Just keep in mind that this hasn't been rigorously tested, only ran
erlang-sigsegv which is still going strong.

// Björn-Egil

2015-05-22 23:31 GMT+02:00 Soup <zachary.hueras@REDACTED>:

> I am only upset that I am not able to replicate the original stacktrace I
> saw in my production servers with this example.
>
> However, what little I was able to glean from the -g free stacktraces
> showed that both the garbage collection and check process code errors were
> happening when interacting with the "off heap" of the process. Not sure
> what would be in the off heap, but binaries sound like they would be
> (though I think there was something about function references to the old
> version of the module in the vicinity as well).
>
> Please let me know if I can provide any more information.
>
> ~Zac
>
> On Fri, May 22, 2015 at 3:43 PM, Björn-Egil Dahlberg <
> wallentin.dahlberg@REDACTED> wrote:
>
>> I would also like to add that your testcase for provoking this was very
>> helpful. The crash will almost always show a random symptom and rarely the
>> actual cause. The point of corruption has long since passed. Therefor a
>> testcase showing the error is the most helpful in hunting down the problem.
>>
>> 2015-05-22 21:32 GMT+02:00 Björn-Egil Dahlberg <
>> wallentin.dahlberg@REDACTED>:
>>
>>> I'll just mention that we have looked at this in the VM team at OTP and
>>> can confirm the results. We also have a reasonable idea of what's happening.

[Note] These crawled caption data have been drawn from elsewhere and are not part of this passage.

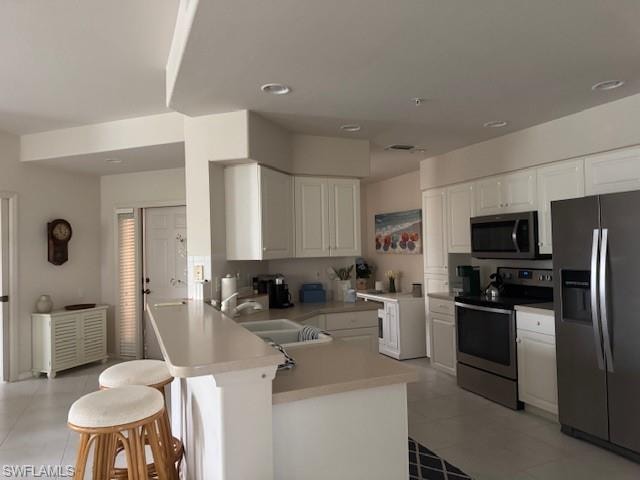 Kitchen featuring stainless steel appliances, a peninsula, light countertops, a kitchen bar, and white cabinets
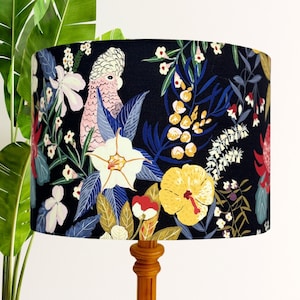 May include: A black lampshade with a floral print featuring pink cockatoos, white flowers, yellow flowers, and green leaves.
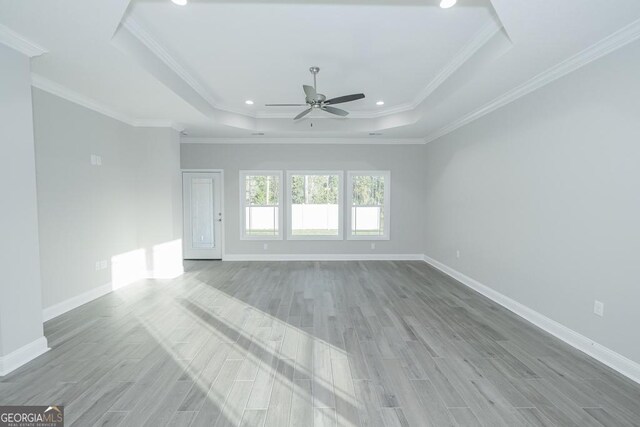184 The Villas Way, Kingsland, GA 31548 - empty room featuring ornamental molding, light hardwood / wood-style floors, ceiling fan, and a raised ceiling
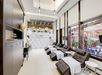 A spa lounge with reclining chairs, each draped with white blankets, surrounded by modern decor and a backdrop with "Signature" written on it.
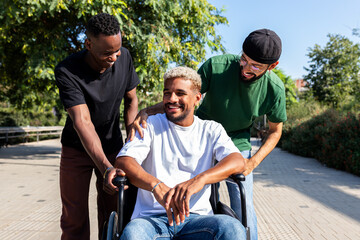 Fototapeta premium Young disabled Black man in a wheelchair and his male friends laughing together in park.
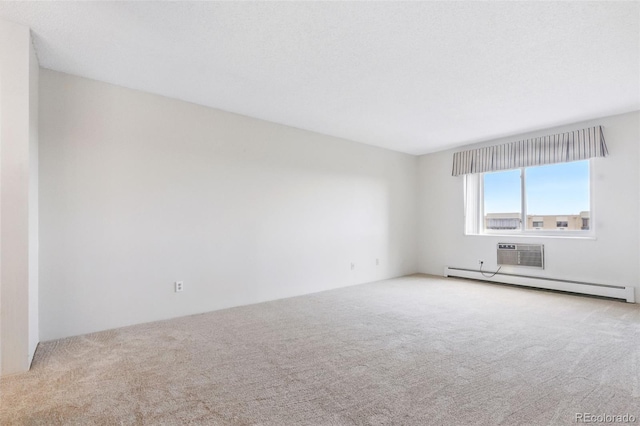 14050 E Linvale Pl Unit 601, Aurora, CO 80014 - carpeted empty room featuring a baseboard radiator and a wall unit AC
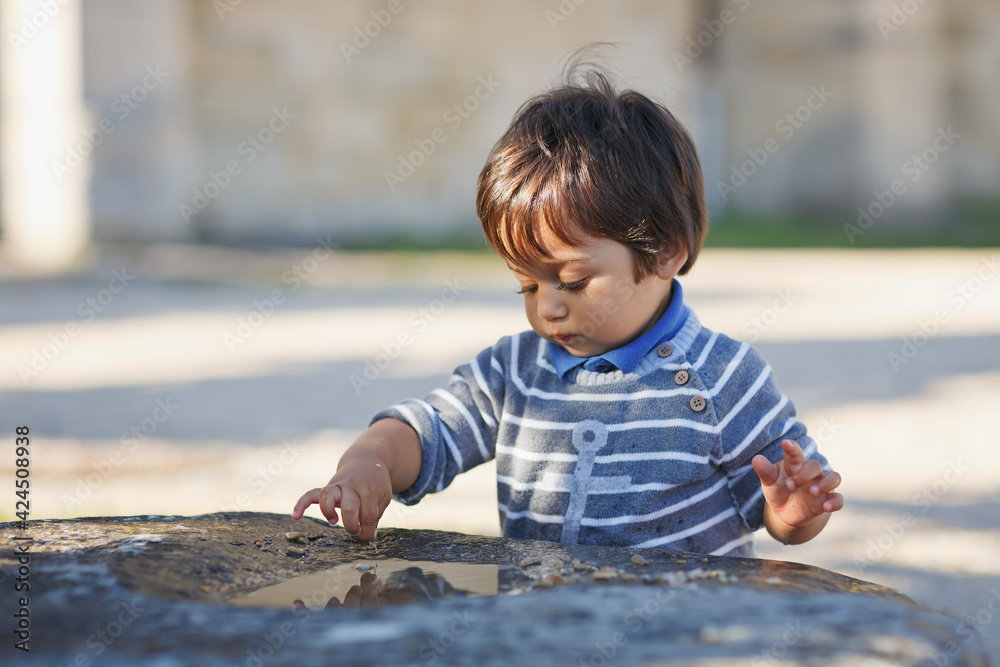 Portrait of a little eastern handsome baby boy playing outdoor in the park Portrait of a little eastern handsome baby boy playing outdoor in the park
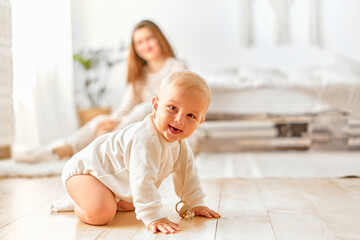 A cheerful baby crawls on the floor and laughs at the camera, with mom in the background.
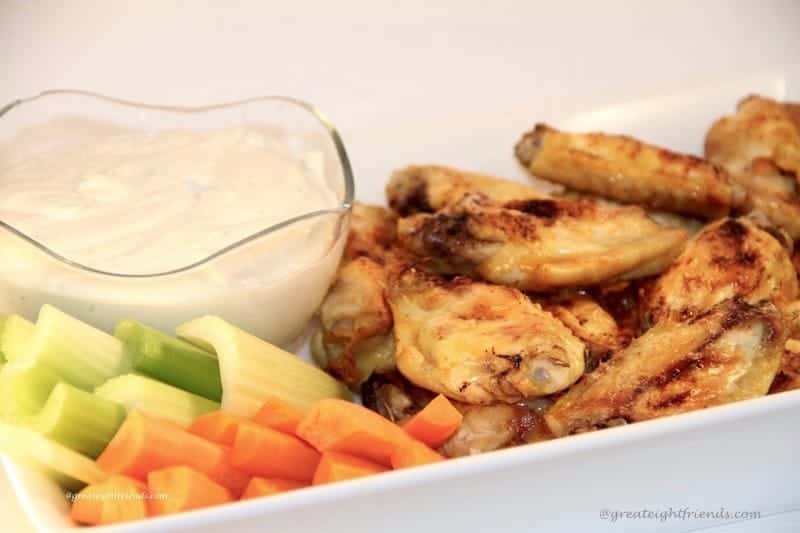 Chicken wings, carrot and celery sticks with a white dip in a white oblong serving dish.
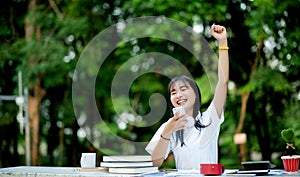 music. A beautiful woman with headphones is relaxing on her desk. smile and meditate meditation She is listening to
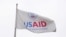 FILE - A USAID flag flutters outside as the USAID building sits closed to employees after a memo was issued freezing funding, in Washington, Feb. 3, 2025.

>>> It seems that a binary match state is not handled properly in garbage
>>> collect literals (gc when purging code and moving literals to the process
>>> heaps).
>>>
>>> I will look into it more on monday (or perhaps this weekend).
>>>
>>> // Björn-Egil
>>>
>>> 2015-05-22 20:54 GMT+02:00 Bob Gustafson <bobgus@REDACTED>:
>>>
>>>>  I am running 18.rc1 on a Macbook Air - I was able to duplicate your
>>>> segv (although I haven't seen the dump) - I ran it for about 20 minutes
>>>> total and it segv 3x in that time frame.
>>>>
>>>> While running, I used the Mac Activity Monitor to peek.
>>>>
>>>> It is using about 380% CPU, 19 Threads and seems to be only one OSX
>>>> process.
>>>>
>>>> Memory jumps around a bit - roughly 360-420 MB initially and then it
>>>> drops down - I saw 127 MB, and then it was gone - crashed.
>>>>
>>>> I will fish around for the crash dump.
>>>>
>>>> Have fun
>>>>
>>>> Bob G
>>>>
>>>>
>>>> On 05/21/2015 11:48 AM, Soup wrote:
>>>>
>>>>  This topic, or one very similar, appears to have been discussed
>>>> before in the erlang-patches mailing list thread titled "erlang node
>>>> crashes in erts_gc_after_bif_call" from October, 2012 (
>>>> http://erlang.org/pipermail/erlang-patches/2012-October/003072.html).

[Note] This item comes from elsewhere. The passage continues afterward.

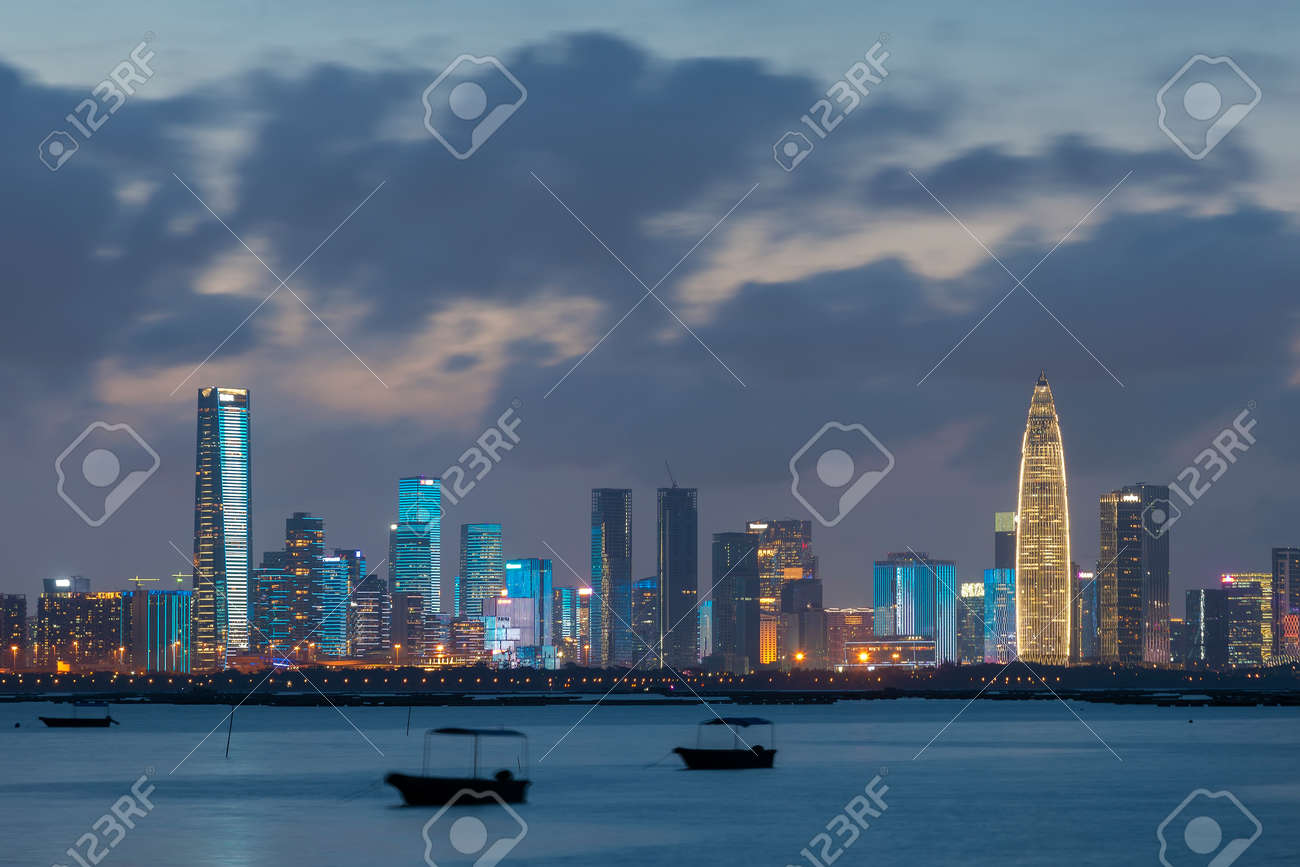Skyline of Shenzhen city, China at night. Viewed from Hong Kong border Lau Fau Shan - 171283885 Skyline of Shenzhen city, China at night. Viewed from Hong Kong border Lau Fau Shan - 171283885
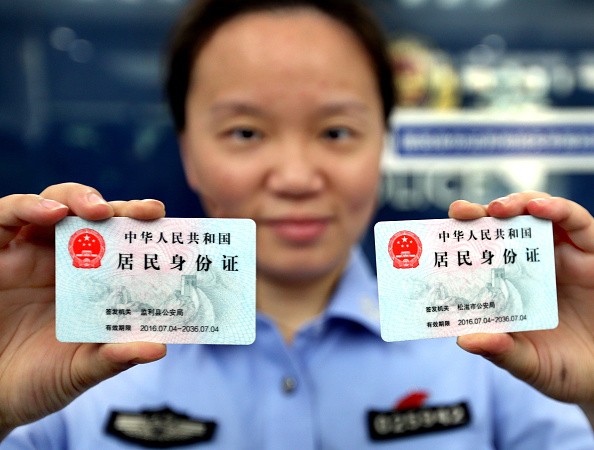 A police officer in Shanghai shows two identification cards issued to nonlocal residents in the city.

>>>> No clear resolution was reached on this thread, and I am currently dealing
>>>> with it in production systems, so I have decided to address this mailing
>>>> list.
>>>>
>>>> Please see the bottom of the email for system specification, as I
>>>> believe this to be largely unrelated (except possibly for multithreading).
>>>>
>>>> Please feel free to request any pertinent information I may have left
>>>> out, or to make suggestions to improve future bug reports. I don't often
>>>> submit bug reports, and am not at all familiar with Erlang/OTP's particular
>>>> practices in this regard.
>>>>
>>>>
>>>> *## Scenario and Error ## *
>>>> The error is a segmentation fault arising out of the
>>>> erts_garbage_collect and check_process_code functions.
>>>>
>>>> The scenario is as follows:
>>>> 1) You must be hot-loading a module (in my case, this module is
>>>> dynamically generated) periodically.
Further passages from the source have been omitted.